Henry (Gregory Wooddell is a great deal more traditionally attractive than his historical counterpart) has hipster mutton chops befitting a Duke of Williamsburg, Brooklyn, and all the men don leather chaps capped off with high-laced combat boots. However, Shakespeare’s “Henry VIII” is not, alas, Showtime’s “The Tudors;” they share characters and plot-lines, but what was sensational and risky then, as interpreted by Shakespeare, is convoluted political minutiae now. Shakespeare’s play—by no means a lost gem—is not so sexy and not so delectably scandalous, as is evidenced by this text, stringent even for a history play. It’s a quality Gaines is visibly aware of, made apparent by her buxom staging. The director squeezes as much risqué dalliance as she can out of the script, spicing up dances between Anne and Henry, banishing citizenry into a metaphorical incinerator upstage and showering the newly crowned Boleyn (Christina Pumariega) in golden glitter. Admirably, the physical scenery is restrained and minimal.

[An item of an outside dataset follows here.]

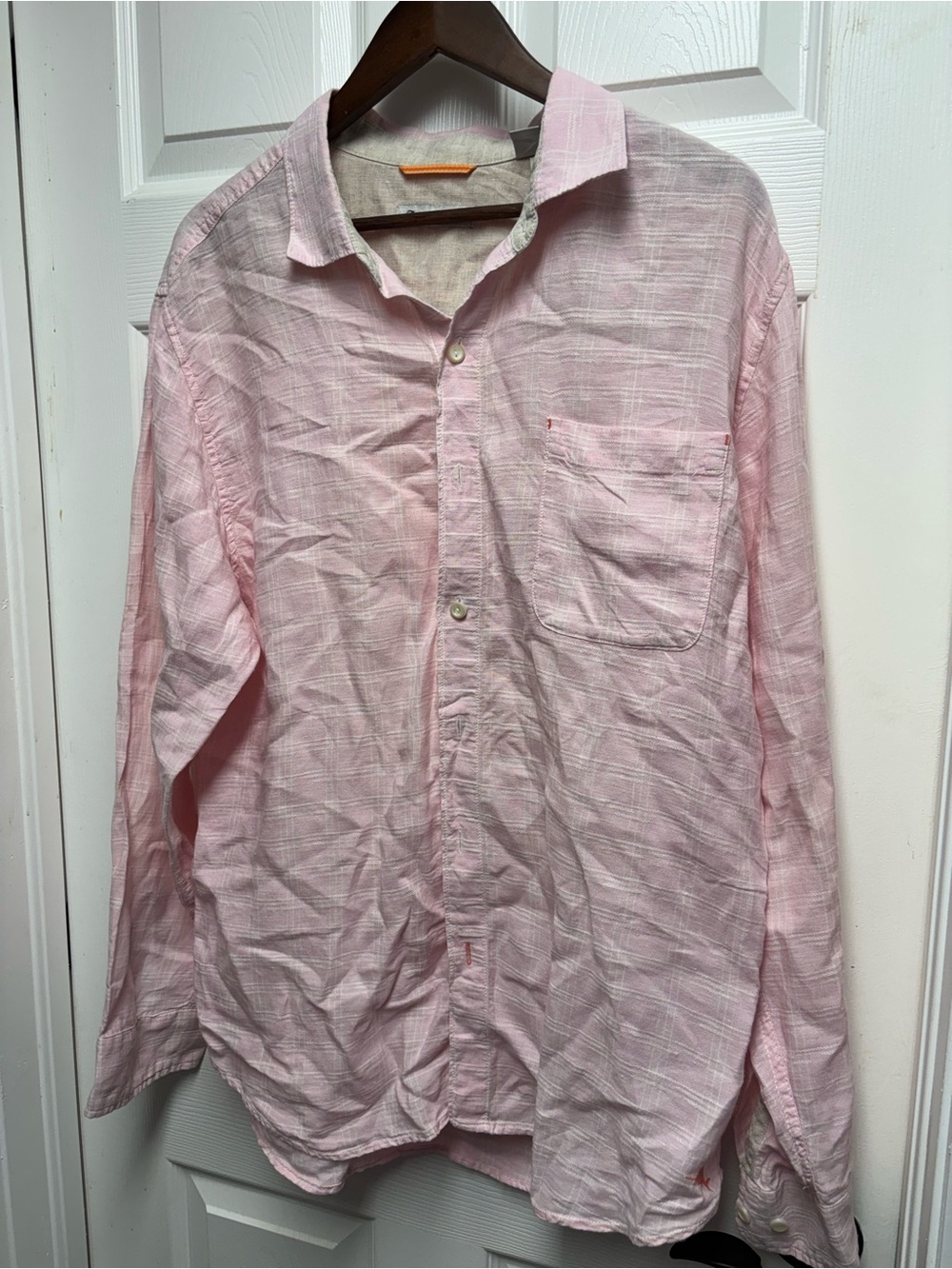 Tommy BahamaMen's Pink Long-Sleeve Linen Button-Up Shirt XL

But Anne, Katherine and Henry’s emotion-heavy marriage drama is not what needs enhanced clarification in this otherwise slothful production that fully engages only in its unspoken, appended moments. The power struggle between the clergy and the House of Tudor is opaque like a cautious spring fog. The Catholic cardinals and the Bishop of Canterbury have been folded into the mix lazily, and this is apparently an England where priests can shove blood royalty (though Katherine is turned away by Henry, she is nonetheless Spanish royalty) to the ground in an out-of-place maneuver very nearly resembling a rape. The regality, in nearly every instance, is eschewed in favor of the behind-closed-doors societal equality of a French farce. In making the conflict solely personal, rather than political or national, the stakes stay domesticated and the proceedings dense. Shakespeare, as a nod to the late Queen Elizabeth, threw in the jubilant birth of the young princess in the play’s end: a light at the end of the off-with-her-head tunnel played here by an absurd Fisher Price-looking plastic doll, cheese-ball baby murmurs and all.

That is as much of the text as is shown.